Tuesday, February 24, 2009

Job, part 4

With all the poor economic new these days, part of me says 'don't even bother standing up for yourself, just hunker down and keep on earning money as long as you can.'

I'm not optimistic about how the economy will shake out in the short term. As much as I hope Obama can do wonders, I think things are way beyond any one's ability to move them in any direction in the short term; we just need to wait things out, and try not to damage ourselves in the short run.

In my situation, I feel torn in multiple directions. In terms of economic self-preservation, the aforementioned policy of don't make waves, just do your job, get paid, and just hope the economic meat-axe wont reach too deep when they need to cut next.

There's the side of wanting to stand up for myself, of taking care of my self-respect, that I find myself oddly expecting more of myself and willing to take more of a risk than I would have had all of this change of management organization hadn't taken place. Strange, huh?

This whole change or moving me from a managerial role into what I see as a single focused contributor had oddly left me with, among other things, a sense of freedom. Whereas previously I felt responsible for what felt like a long list of all sorts of things (I used to liken it to a circus acrobat with dozens of plates in the air), that has all changed, at least for now. Sometimes I want to laugh because of the weight that was lifted from me.

As a manager, I felt I had to keep tabs on those in my group, keep my ears to the group about news affecting people at my level and at my manager's level, be aware more or less what went on in various other groups in the office as much of what happened there affected my group, also I maintained the computer lab so there was all lab-related networking, software and hardware maintenance, keeping up with corporate news both internal political and IT-network events and plans, be aware of all sorts of upcoming changes in products, release dates, rumors, and also maintain older systems as they were always needed (I was frequently asked: "Do you have such-and-such a system? I need one because..."), and so on.

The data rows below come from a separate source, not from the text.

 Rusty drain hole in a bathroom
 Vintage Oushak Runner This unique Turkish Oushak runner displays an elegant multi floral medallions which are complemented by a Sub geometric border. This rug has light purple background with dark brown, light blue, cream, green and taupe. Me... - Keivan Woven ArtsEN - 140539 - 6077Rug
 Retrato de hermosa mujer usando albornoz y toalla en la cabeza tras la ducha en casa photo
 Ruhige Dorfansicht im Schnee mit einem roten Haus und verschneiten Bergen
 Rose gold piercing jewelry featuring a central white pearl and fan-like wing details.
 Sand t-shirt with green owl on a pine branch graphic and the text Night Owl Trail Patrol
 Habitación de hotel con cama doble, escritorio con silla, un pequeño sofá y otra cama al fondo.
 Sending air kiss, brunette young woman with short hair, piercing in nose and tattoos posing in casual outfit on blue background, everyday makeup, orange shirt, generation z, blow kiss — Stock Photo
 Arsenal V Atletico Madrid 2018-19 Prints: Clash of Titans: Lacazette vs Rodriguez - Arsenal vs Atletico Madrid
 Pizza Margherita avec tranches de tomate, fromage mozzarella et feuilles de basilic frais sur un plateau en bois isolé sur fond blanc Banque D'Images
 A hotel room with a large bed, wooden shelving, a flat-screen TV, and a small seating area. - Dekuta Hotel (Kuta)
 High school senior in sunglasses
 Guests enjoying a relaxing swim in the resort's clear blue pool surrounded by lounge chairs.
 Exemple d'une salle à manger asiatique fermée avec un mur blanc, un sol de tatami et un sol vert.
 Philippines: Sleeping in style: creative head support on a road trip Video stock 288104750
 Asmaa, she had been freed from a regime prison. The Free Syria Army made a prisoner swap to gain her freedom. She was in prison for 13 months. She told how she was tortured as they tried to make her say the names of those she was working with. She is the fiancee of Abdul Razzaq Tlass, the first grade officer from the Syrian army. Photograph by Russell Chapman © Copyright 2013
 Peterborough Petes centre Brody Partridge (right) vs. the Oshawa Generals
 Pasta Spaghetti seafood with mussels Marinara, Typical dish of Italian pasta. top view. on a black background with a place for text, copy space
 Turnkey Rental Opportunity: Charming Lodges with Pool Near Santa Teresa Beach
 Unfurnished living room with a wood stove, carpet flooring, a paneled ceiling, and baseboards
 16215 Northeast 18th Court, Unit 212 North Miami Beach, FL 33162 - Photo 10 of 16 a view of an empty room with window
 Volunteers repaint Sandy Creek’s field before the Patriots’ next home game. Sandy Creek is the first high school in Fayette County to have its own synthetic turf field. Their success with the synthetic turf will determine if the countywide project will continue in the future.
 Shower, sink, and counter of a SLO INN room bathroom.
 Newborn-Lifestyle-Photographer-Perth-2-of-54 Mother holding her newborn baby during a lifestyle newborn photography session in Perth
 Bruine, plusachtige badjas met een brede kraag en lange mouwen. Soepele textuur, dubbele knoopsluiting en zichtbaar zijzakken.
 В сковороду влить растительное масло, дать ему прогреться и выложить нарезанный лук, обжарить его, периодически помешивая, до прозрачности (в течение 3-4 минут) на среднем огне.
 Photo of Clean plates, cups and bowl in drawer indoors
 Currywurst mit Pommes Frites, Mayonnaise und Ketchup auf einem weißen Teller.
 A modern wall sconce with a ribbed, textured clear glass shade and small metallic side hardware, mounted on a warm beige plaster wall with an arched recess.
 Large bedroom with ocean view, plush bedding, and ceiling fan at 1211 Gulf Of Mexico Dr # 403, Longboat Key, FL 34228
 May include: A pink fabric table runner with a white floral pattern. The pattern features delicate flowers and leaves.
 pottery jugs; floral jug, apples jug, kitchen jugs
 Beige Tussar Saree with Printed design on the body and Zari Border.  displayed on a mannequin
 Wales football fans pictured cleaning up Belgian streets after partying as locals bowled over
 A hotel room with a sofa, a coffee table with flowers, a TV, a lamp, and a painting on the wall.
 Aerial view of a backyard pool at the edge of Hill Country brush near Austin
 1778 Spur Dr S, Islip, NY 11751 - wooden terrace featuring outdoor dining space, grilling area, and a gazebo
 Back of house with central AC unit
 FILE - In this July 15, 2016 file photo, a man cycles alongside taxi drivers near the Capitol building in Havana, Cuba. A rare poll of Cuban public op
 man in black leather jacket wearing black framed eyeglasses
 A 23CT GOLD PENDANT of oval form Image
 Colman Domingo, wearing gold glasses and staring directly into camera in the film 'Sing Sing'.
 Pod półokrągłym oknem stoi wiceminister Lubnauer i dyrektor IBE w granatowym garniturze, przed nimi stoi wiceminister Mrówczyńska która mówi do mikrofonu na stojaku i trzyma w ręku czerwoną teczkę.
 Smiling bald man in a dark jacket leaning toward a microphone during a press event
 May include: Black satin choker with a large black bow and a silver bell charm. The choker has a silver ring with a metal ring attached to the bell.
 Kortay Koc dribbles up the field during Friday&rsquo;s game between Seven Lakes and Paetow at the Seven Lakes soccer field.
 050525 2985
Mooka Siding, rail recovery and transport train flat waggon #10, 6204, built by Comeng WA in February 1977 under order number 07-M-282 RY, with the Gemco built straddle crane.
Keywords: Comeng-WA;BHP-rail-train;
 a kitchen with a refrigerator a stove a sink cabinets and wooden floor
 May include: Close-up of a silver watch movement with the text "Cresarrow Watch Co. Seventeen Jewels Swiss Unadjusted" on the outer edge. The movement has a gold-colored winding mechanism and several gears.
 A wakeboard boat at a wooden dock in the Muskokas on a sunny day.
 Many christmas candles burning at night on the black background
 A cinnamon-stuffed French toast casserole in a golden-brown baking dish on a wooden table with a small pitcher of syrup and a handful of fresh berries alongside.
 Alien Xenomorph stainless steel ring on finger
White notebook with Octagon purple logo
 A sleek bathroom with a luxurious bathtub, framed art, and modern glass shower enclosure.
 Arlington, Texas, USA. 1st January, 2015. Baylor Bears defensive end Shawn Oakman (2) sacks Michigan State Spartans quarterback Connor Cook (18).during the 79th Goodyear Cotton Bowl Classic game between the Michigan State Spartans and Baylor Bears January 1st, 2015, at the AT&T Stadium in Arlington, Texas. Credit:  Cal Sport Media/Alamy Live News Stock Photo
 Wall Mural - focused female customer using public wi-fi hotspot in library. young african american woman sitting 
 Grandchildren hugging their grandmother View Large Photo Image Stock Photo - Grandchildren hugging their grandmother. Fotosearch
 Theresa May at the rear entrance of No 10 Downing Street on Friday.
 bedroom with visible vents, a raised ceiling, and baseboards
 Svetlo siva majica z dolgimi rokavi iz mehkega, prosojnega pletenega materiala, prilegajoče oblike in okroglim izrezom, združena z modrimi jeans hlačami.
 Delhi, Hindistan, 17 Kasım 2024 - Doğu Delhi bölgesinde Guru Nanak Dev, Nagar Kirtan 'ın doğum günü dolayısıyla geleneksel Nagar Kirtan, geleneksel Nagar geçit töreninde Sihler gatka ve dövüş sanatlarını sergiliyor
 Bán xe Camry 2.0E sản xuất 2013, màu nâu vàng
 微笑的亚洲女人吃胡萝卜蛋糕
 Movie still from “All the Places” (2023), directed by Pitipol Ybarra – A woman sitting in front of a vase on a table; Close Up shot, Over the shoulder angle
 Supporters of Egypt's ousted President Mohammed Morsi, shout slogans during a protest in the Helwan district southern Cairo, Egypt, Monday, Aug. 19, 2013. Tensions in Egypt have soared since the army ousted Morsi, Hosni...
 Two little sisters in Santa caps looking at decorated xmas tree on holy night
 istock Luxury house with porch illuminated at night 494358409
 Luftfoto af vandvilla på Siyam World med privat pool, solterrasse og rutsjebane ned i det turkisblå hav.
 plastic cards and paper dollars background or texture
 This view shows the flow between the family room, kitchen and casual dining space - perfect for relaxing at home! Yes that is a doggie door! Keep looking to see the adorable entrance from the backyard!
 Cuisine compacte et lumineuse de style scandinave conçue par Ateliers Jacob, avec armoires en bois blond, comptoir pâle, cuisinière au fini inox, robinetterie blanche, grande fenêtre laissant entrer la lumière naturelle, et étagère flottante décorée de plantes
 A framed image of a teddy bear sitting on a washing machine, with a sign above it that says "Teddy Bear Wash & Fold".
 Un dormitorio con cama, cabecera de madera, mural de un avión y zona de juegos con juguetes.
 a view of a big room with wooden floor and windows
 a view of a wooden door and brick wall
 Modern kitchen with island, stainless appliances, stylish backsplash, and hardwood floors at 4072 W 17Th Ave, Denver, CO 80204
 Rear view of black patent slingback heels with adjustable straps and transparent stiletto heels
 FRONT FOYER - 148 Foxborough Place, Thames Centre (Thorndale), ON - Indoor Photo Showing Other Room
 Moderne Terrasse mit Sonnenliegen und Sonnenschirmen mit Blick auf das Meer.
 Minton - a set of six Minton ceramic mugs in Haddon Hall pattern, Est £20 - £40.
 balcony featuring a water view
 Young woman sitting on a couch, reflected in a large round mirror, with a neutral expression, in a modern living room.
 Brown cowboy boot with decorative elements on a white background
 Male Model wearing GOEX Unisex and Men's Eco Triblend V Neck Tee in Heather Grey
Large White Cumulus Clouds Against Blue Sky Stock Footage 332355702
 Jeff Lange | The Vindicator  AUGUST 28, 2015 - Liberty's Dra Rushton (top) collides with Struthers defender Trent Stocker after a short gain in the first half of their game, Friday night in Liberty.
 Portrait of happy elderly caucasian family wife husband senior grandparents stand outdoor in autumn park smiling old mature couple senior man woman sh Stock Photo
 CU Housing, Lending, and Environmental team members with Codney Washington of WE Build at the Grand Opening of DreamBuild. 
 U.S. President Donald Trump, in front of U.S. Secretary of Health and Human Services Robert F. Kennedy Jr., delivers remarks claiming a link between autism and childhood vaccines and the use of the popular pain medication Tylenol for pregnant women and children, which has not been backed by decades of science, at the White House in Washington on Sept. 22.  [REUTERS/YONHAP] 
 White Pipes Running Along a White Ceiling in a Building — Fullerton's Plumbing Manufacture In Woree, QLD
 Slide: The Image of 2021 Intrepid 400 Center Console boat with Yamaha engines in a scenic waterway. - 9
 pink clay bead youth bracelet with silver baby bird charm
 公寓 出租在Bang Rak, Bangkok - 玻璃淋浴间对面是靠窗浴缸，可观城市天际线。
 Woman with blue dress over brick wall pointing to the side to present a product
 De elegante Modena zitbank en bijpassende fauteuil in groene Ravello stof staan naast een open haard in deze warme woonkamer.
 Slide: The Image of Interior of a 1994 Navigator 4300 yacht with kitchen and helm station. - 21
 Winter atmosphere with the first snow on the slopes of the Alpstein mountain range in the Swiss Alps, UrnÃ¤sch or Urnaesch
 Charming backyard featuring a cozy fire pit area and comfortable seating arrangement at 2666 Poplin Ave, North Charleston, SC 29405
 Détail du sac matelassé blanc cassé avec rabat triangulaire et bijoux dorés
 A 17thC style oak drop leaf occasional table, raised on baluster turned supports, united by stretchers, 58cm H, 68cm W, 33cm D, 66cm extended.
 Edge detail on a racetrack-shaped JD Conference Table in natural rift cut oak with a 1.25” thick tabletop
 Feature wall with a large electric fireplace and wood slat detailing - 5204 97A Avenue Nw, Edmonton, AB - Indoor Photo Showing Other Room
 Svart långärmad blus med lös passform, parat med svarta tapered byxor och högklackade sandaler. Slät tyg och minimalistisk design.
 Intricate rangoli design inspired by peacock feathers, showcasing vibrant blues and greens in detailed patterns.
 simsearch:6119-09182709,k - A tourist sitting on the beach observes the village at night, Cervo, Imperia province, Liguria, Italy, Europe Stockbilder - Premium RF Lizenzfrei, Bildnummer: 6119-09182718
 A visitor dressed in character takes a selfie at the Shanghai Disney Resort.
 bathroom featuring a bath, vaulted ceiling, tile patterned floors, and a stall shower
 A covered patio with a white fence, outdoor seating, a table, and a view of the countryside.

Now, it seems like I focus on one-tenth as much. While I did mention a while back that I probably am the person with the most experience doing the current work that I do, it is so far so relatively narrow compared with previously, that I feel I am daily missing something, like I accidentally forgot to take my left arm with me when I left home this morning.

One thing I can say, it does take me out of the direct line of fire. Sometimes I feel that might have been the plan in the first place. But I cannot say for sure, and I won't be asking anyway.

But being out of the line of fire also potentially means more expendable. As a result of all of this and my reaction to it, I have climbed a little higher on the 'high maintenance' scale. Does that make me more vulnerable in terms of potential layoffs? Probably, but it is too early to say how much. At the moment they have much more pressing matters to deal with.